--- Data shown ---
===

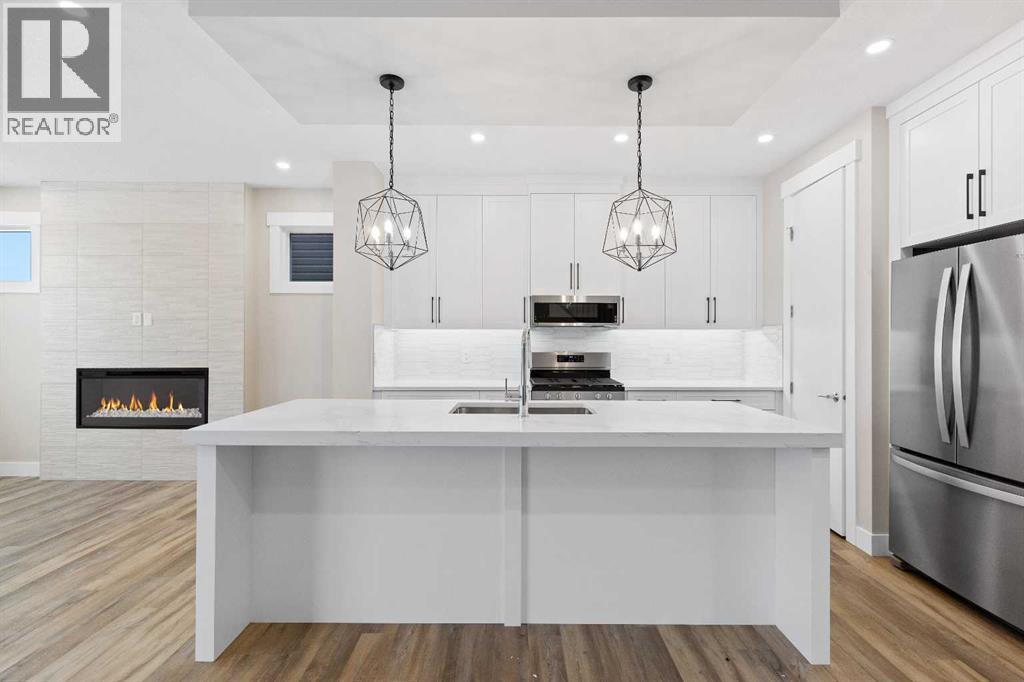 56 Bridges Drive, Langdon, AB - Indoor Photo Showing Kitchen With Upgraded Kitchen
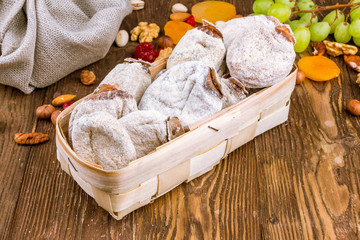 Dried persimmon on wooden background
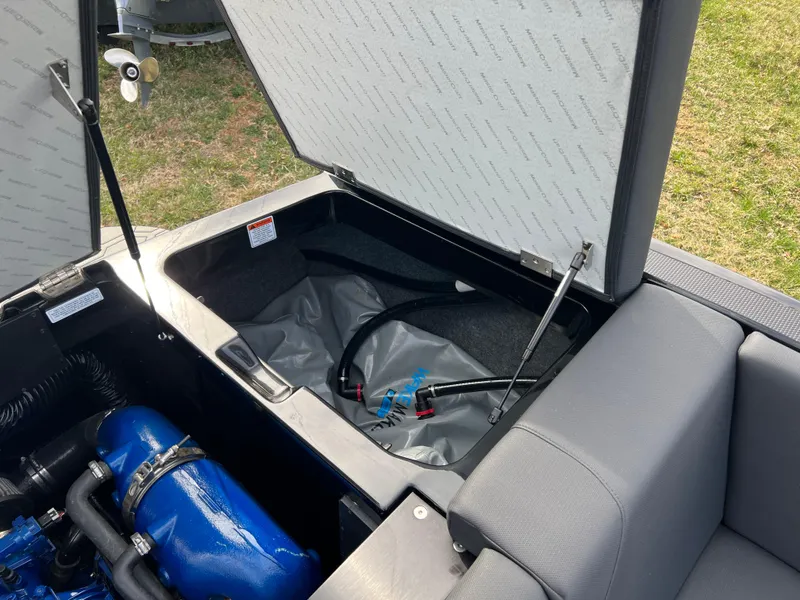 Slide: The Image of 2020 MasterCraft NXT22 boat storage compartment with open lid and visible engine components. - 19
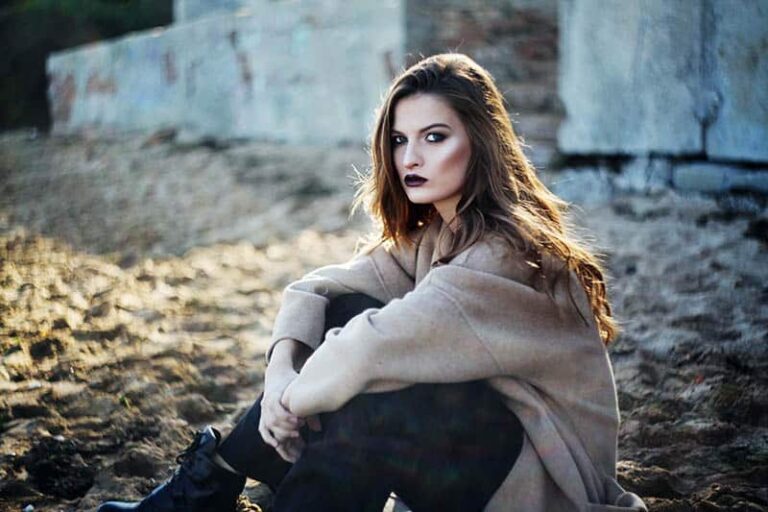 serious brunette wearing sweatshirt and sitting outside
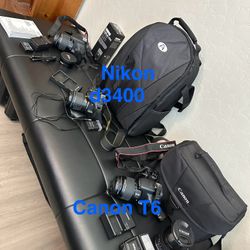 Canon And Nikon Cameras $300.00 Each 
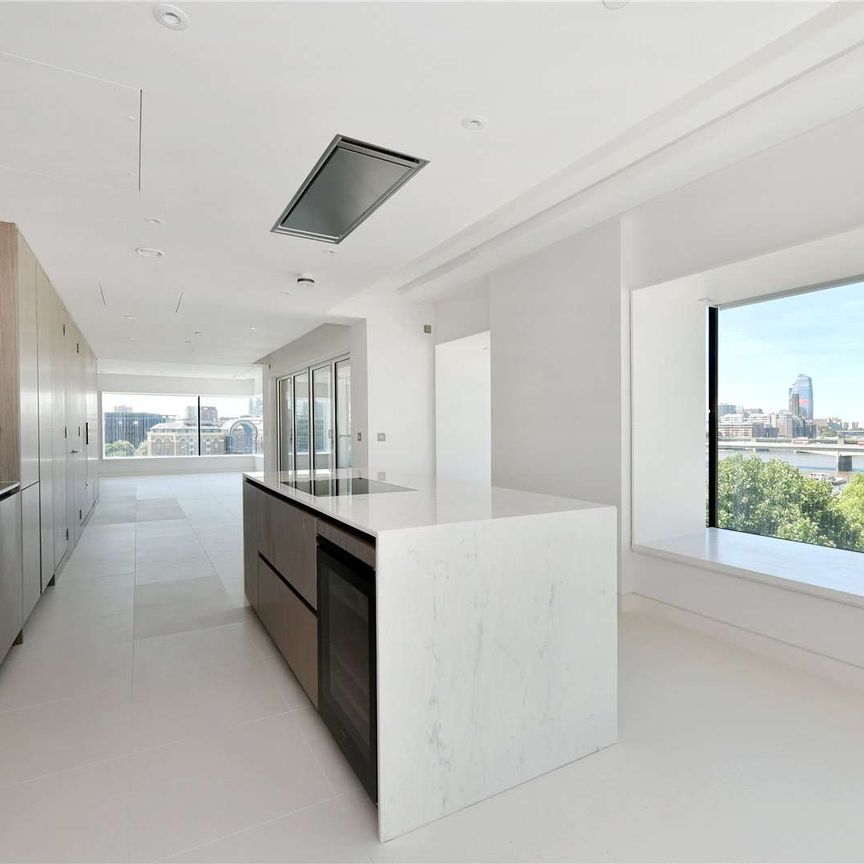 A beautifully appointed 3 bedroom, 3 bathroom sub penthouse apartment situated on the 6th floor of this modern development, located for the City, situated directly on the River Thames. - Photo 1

===

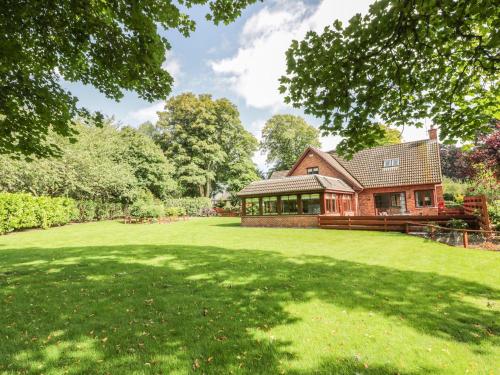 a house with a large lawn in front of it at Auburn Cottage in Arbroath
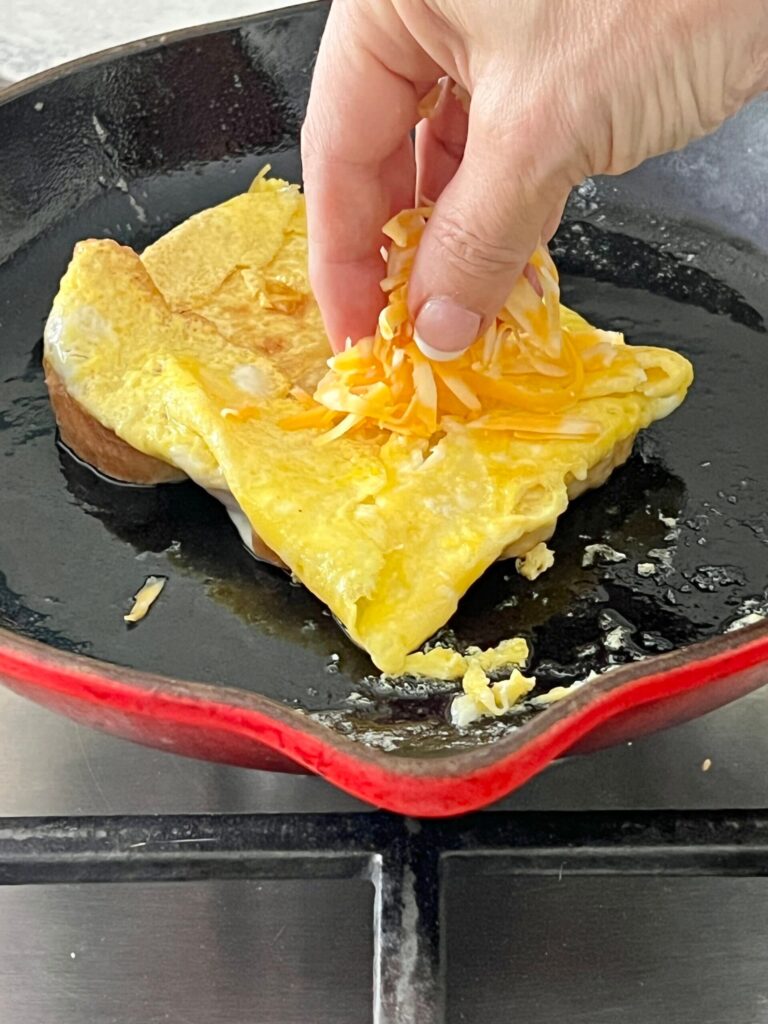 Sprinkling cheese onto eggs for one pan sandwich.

===

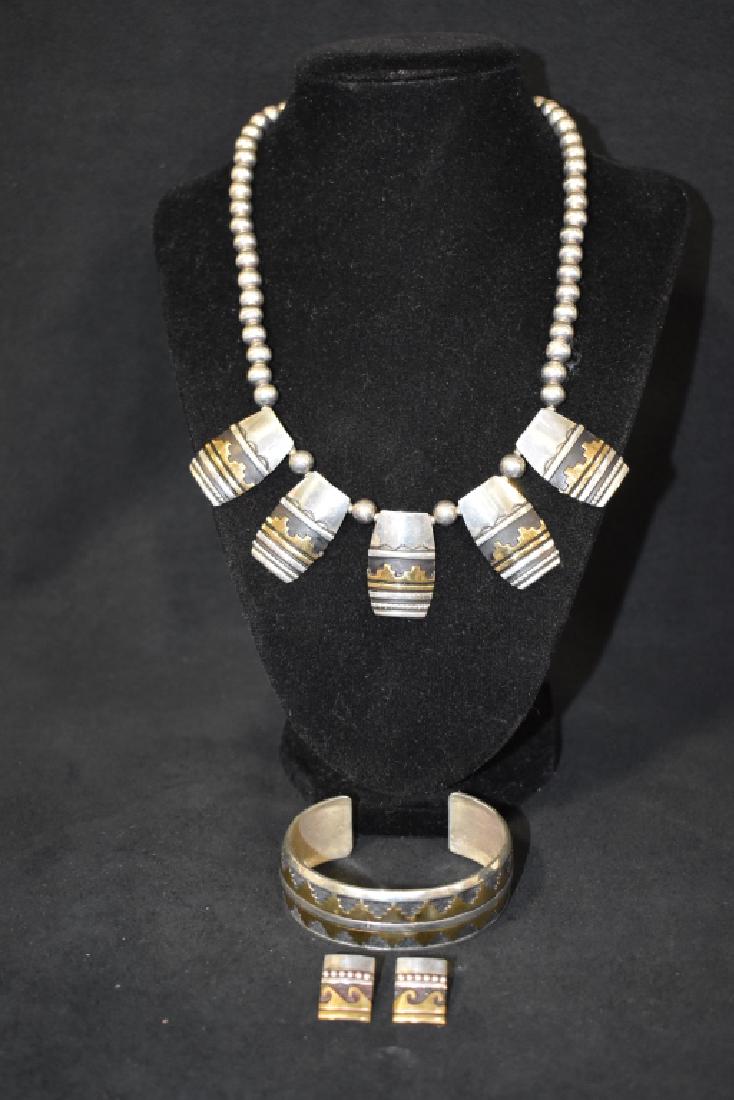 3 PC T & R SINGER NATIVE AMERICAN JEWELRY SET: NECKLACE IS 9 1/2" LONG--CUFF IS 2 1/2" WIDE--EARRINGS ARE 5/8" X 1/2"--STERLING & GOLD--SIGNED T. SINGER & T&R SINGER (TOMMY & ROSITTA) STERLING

===

--- Task to carry out ---
In the records above, find the line with "a house with" and the line with "Sprinkling cheese onto". Write out exactly those lines and every one between, with no pictures and no other lines.

--- Exercise solution ---
 a house with a large lawn in front of it at Auburn Cottage in Arbroath
 Sprinkling cheese onto eggs for one pan sandwich.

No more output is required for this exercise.